Extracted information:

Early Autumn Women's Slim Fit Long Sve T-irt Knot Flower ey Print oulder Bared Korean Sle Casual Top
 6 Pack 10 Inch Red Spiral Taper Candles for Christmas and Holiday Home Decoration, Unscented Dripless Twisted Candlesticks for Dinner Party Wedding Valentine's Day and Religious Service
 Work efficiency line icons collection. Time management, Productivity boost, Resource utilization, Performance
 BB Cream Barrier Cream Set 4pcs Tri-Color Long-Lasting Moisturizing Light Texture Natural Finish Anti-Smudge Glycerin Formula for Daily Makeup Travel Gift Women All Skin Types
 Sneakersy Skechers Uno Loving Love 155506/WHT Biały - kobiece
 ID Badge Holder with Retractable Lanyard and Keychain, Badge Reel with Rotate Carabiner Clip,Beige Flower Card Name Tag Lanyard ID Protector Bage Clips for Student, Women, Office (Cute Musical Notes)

Task objective:
After reading through the material, print all of it again exactly.

Solution below:
Early Autumn Women's Slim Fit Long Sve T-irt Knot Flower ey Print oulder Bared Korean Sle Casual Top
 6 Pack 10 Inch Red Spiral Taper Candles for Christmas and Holiday Home Decoration, Unscented Dripless Twisted Candlesticks for Dinner Party Wedding Valentine's Day and Religious Service
 Work efficiency line icons collection. Time management, Productivity boost, Resource utilization, Performance
 BB Cream Barrier Cream Set 4pcs Tri-Color Long-Lasting Moisturizing Light Texture Natural Finish Anti-Smudge Glycerin Formula for Daily Makeup Travel Gift Women All Skin Types
 Sneakersy Skechers Uno Loving Love 155506/WHT Biały - kobiece
 ID Badge Holder with Retractable Lanyard and Keychain, Badge Reel with Rotate Carabiner Clip,Beige Flower Card Name Tag Lanyard ID Protector Bage Clips for Student, Women, Office (Cute Musical Notes)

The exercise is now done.